Les objets affreux, sales et déprimants, voilà ce qu’Elsa redoutait de trouver ici. « C’est tout le contraire ! » lance cette élégante quadragénaire. A deux heures de Stockholm, la ville d’Eskilstuna a eu une idée de génie : créer le premier centre commercial au monde vendant uniquement de l’occasion. Vêtements, vaisselle, vélos, meubles, perceuses… Sur une surface de 5 000 mètres carrés, on trouve tout, tout, tout ! En bon état et bien présenté. ReTuna crée des emplois et fourmille de créativité, tout en luttant contre le gaspillage.
« Les Suédois raffolent du shopping, explique Anna Bergström, sa directrice.
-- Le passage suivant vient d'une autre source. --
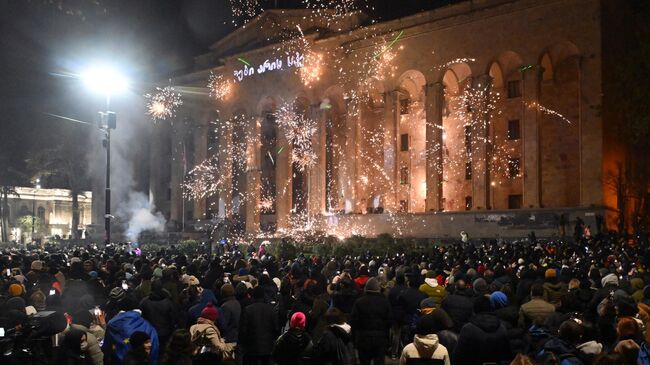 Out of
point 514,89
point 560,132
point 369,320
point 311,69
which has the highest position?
point 311,69

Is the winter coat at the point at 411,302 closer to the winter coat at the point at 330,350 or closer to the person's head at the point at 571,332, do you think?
the winter coat at the point at 330,350

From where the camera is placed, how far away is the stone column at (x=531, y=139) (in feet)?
118

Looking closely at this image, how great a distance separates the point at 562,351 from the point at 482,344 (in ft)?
3.53

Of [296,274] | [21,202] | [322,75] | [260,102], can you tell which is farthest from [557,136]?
[21,202]

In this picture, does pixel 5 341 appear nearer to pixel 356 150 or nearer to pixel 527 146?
pixel 527 146

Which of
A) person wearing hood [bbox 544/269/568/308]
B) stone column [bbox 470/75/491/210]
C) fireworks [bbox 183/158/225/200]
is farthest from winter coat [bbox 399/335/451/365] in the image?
fireworks [bbox 183/158/225/200]

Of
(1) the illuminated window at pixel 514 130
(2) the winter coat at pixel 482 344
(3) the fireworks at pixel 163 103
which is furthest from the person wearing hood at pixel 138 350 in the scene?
(3) the fireworks at pixel 163 103

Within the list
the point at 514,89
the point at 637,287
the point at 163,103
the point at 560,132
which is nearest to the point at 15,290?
the point at 637,287

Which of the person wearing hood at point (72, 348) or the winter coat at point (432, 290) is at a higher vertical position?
the winter coat at point (432, 290)

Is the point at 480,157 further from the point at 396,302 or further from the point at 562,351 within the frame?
the point at 562,351

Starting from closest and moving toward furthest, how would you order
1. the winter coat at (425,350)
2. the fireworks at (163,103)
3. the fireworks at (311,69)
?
the winter coat at (425,350)
the fireworks at (311,69)
the fireworks at (163,103)

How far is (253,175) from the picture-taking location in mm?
48312

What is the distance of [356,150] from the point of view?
143ft

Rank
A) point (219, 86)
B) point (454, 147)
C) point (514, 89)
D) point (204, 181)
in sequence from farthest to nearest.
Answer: point (204, 181)
point (219, 86)
point (454, 147)
point (514, 89) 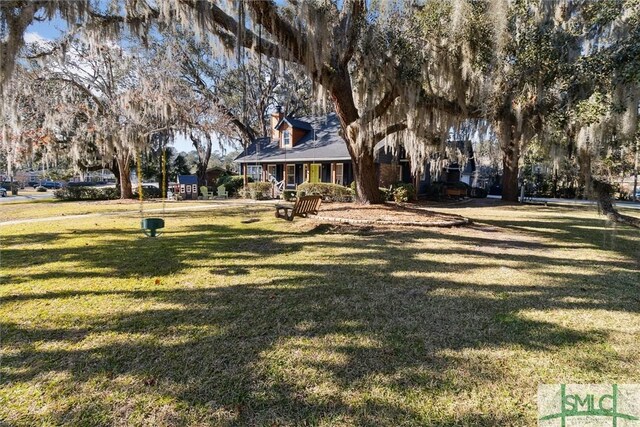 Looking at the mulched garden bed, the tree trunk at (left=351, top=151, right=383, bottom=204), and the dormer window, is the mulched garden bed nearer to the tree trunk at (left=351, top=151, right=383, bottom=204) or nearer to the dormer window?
the tree trunk at (left=351, top=151, right=383, bottom=204)

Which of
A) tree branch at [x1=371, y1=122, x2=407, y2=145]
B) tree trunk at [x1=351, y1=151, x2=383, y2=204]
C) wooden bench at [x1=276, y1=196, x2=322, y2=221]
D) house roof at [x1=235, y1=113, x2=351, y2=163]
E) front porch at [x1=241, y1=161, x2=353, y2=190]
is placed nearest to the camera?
wooden bench at [x1=276, y1=196, x2=322, y2=221]

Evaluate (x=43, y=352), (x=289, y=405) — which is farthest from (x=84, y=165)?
(x=289, y=405)

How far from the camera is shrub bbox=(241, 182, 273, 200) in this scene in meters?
22.9

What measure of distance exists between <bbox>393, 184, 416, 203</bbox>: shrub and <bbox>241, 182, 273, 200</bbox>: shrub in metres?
8.59

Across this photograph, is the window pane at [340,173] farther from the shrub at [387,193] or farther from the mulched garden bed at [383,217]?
the mulched garden bed at [383,217]

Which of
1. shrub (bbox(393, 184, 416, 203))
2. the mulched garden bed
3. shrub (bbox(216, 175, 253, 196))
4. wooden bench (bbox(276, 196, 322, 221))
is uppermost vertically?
shrub (bbox(216, 175, 253, 196))

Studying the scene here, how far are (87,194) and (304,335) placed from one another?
2501 cm

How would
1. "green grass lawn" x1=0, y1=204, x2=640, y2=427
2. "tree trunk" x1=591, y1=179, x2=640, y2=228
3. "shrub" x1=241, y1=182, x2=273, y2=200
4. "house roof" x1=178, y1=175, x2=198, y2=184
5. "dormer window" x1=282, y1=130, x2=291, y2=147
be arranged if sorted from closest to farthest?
"green grass lawn" x1=0, y1=204, x2=640, y2=427 < "tree trunk" x1=591, y1=179, x2=640, y2=228 < "shrub" x1=241, y1=182, x2=273, y2=200 < "house roof" x1=178, y1=175, x2=198, y2=184 < "dormer window" x1=282, y1=130, x2=291, y2=147

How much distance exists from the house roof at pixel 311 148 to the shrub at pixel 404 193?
3475mm

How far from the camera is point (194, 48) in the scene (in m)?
25.2

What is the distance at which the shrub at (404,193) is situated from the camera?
19312mm

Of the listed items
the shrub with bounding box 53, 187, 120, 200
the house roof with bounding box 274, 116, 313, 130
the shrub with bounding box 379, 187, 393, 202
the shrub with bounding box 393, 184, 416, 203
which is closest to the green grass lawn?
the shrub with bounding box 379, 187, 393, 202

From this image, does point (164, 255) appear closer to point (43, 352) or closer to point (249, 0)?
point (43, 352)

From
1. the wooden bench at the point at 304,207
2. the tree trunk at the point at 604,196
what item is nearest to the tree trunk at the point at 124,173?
the wooden bench at the point at 304,207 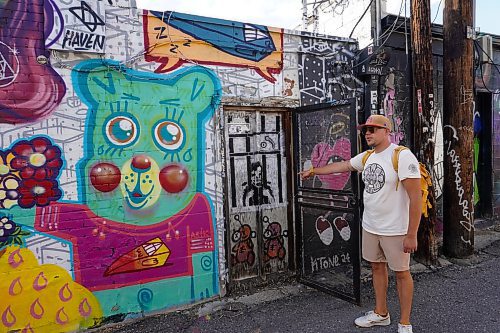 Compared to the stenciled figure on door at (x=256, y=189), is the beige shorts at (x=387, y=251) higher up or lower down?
lower down

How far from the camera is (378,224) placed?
3160mm

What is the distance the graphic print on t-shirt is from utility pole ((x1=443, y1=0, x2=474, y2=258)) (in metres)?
2.48

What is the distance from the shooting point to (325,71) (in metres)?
4.72

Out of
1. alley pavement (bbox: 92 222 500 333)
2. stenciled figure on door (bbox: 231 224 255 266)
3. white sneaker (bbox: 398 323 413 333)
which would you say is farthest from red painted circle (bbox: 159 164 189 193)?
white sneaker (bbox: 398 323 413 333)

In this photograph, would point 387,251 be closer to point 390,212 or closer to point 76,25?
point 390,212

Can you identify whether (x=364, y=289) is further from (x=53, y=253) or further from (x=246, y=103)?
(x=53, y=253)

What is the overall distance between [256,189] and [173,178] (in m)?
1.08

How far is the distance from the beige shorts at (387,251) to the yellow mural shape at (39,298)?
2.61 metres

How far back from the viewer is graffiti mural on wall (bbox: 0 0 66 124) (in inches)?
123

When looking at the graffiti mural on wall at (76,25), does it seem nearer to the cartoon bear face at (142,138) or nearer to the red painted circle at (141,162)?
the cartoon bear face at (142,138)

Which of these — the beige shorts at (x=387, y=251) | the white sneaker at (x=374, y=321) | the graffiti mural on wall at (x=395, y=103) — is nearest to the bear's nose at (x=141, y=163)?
the beige shorts at (x=387, y=251)

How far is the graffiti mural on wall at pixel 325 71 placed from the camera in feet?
15.0

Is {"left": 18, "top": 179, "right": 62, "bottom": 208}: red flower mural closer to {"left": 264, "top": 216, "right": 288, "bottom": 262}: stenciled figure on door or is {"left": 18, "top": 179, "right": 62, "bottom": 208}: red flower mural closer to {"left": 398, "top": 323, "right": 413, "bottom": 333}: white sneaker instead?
{"left": 264, "top": 216, "right": 288, "bottom": 262}: stenciled figure on door

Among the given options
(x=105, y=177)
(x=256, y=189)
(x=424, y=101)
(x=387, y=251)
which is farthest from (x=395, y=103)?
(x=105, y=177) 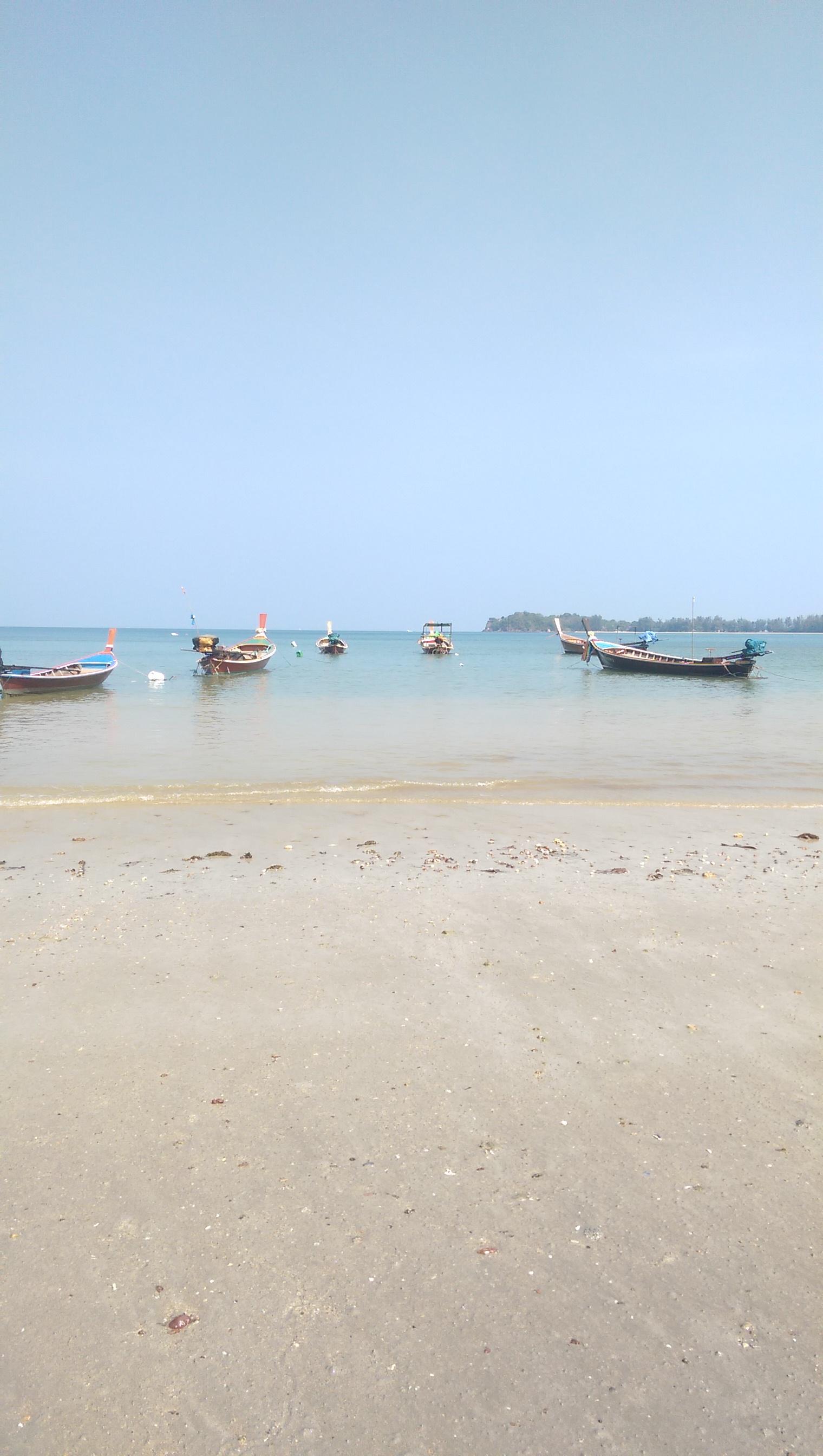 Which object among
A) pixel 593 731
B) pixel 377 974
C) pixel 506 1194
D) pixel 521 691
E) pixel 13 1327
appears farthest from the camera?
pixel 521 691

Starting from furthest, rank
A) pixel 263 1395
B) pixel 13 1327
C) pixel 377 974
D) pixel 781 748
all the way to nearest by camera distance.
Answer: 1. pixel 781 748
2. pixel 377 974
3. pixel 13 1327
4. pixel 263 1395

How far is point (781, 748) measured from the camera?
802 inches

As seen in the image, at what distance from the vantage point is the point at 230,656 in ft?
188

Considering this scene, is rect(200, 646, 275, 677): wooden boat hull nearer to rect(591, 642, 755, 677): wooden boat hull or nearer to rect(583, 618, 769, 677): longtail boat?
rect(583, 618, 769, 677): longtail boat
Ils refont sans cesse leur intérieur, renouvellent leur cuisine tous les cinq ans… Nous avons longtemps eu la mentalité Ikea : s’offrir des nouveautés pas chères, mais pas durables non plus. » Belle brune accro au design, cette mère de quatre filles confie avoir trouvé le job le plus épanouissant de sa vie en faisant du business au service de la planète : « On ne peut pas continuer à piller les ressources pour fabriquer des produits à ce rythme. Il faut devenir plus malins et en profiter pour vivre mieux. Il vaut mieux vendre un objet deux fois qu’une. Le recyclage, c’est cool et créatif ! »
Soigner l’esthétique, c’est pour les objets, beaucoup s’offrent ici une nouvelle vie. Ex-chômeuse, Anne-Marie propose des ustensiles de cuisine et fabrique des lampes à base de passoires ou de râpes. A 25 ans, Maria, elle, a démissionné d’un poste de jardinière dans un cimetière pour ouvrir Ecoflor : fleurs bio emballées dans du papier à musique, jeunes pousses dans des bouteilles de lait… « Je récupère parfois des pots hideux ! » s’esclaffe la petite blonde. Alors elle recouvre de feuilles d’eucalyptus… ou de cuillères en plastique, pour une surface nacrée évoquant des coquillages. A 33 ans, son voisin Amjad a fui la guerre en Syrie. Titulaire d’un MBA londonien, il s’est fait refouler des pays du Golfe, a failli mourir en bateau et a atterri en Suède. En attendant son titre de séjour, il réparait gratuitement les portables de ses compagnons d’infortune : « J’étais gêné de percevoir une aide financière sans contrepartie. » Un journaliste s’étonne de son talent et le présente au patron de ReComputer. Aujourd’hui, Amjad gère ce magasin, où il ressuscite des ordinateurs et des chaînes hi-fi, vend des consoles quatre fois moins chères que la version neuve… Fier de parler suédois et de payer des impôts, il se réjouit de faciliter la vie des clients désargentés.
"En Suède, 99 % des déchets ménagers sont recyclés ou réutilisés pour produire de l’énergie"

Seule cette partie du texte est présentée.